Well-toned hips and a trim waist — not just the pounds you carry — appear to be one of the best protections against heart attacks, according to a study of thousands of people in different countries.

Researchers reported in Friday's issue of The Lancet medical journal that a hip-to-waist ratio is a better predictor of the risk of heart attack for a variety of ethnic groups than body-mass index, the current standard.

Based on weight and height, the body-mass index takes no notice of where fat is or how muscular a person is, said Dr. Arya Sharma, professor of medicine at McMaster University and co-author of the study. An athlete and a couch potato could have similar BMI scores, he noted.

"Irrespective of your BMI, your waist-hip ratio is important."

Previous research has shown that having a potbelly is a better predictor of heart trouble than weight, but most of those studies focused on Europeans or North Americans.

The Interheart study, directed by Dr. Salim Yusuf of McMaster University in Hamilton, Ontario, drew on data from 27,098 people in Europe, Asia, Africa and the Americas, including 12,461 who had suffered a heart attack.

In the new study, the risk of heart attack rose progressively as the ratio of waist size increased in proportion to hip circumference. The 20 percent of the survey who had the highest ratio were 2.5 times more at risk than the 20 percent with the lowest ratio, the study found.

That finding, researchers said, suggested a two-part strategy: trimming the abdomen, and possibly increasing hip size by increasing muscle mass or redistributing fat.

"This clearly will be a better way of identifying people at risk and helping avoid a heart attack," said Dr. Charmaine Griffiths of the British Heart Foundation, who was not involved in the research.

Overall, waist measurements recorded by the researchers were about 90 percent of the hip measurements. People in China scored best at 88 percent, followed by 89 percent in southeast Asia, 90 percent in North America, 92 percent in Africa, 93 percent in the Middle East and 94 percent in South America.

A 30-inch waist and 36-inch hips, for instance, works out to a favorable 83 percent.

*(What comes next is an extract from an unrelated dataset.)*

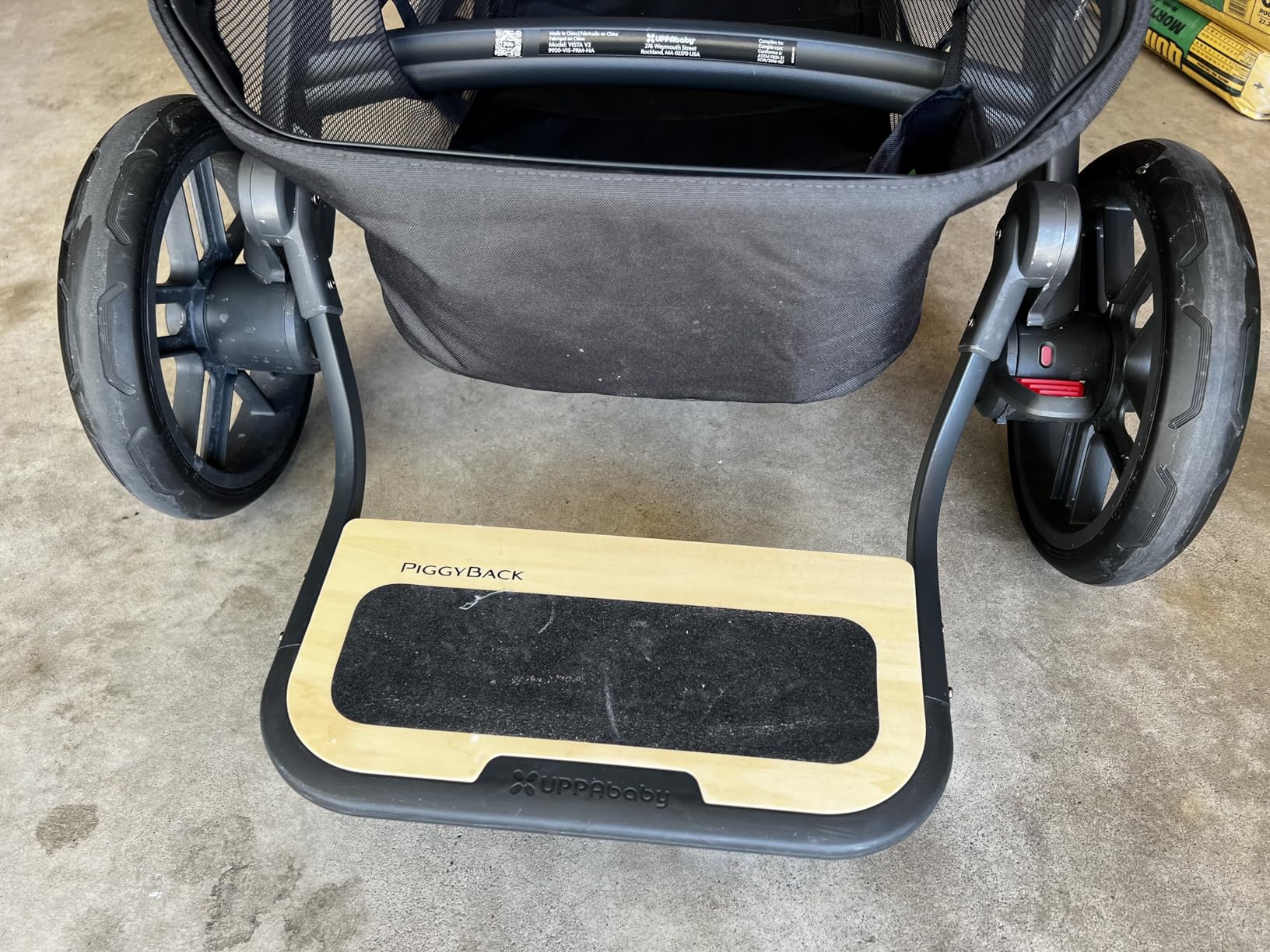 UPPAbaby PiggyBack Ride-Along Board for Vista, Vista V2, and Vista V3 Strollers / Quick Attachment for Children to Stand + Stroll / 55 lbs. Weight Capacity customer photo 2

The study said the protective mechanism still isn't clear. The authors speculated that hormones may influence waist and hip size, or that there may be important differences in the fat composition in the two areas

Larger hips might also be a marker of overall muscle mass, the study added. If dieting leads to a loss of skeletal muscle mass, that may counteract some of the benefits of simply losing weight, the authors said.

Previous studies have pointed to the benefits of losing weight, but those studies were all based on single well-defined populations, most of European or North American origin, said Charlotte Kragelund and Torbjoern Omland of Akershus University Hospital in Norway. They were not involved in the study.

"The Interheart investigators show that the population risk attributable to waist-to-hip ratio is much larger than the population risk attributable to body-mass index," they wrote in the Lancet.

"This result suggests that previous estimates of the impact of obesity as a cardiovascular risk factor have been too low."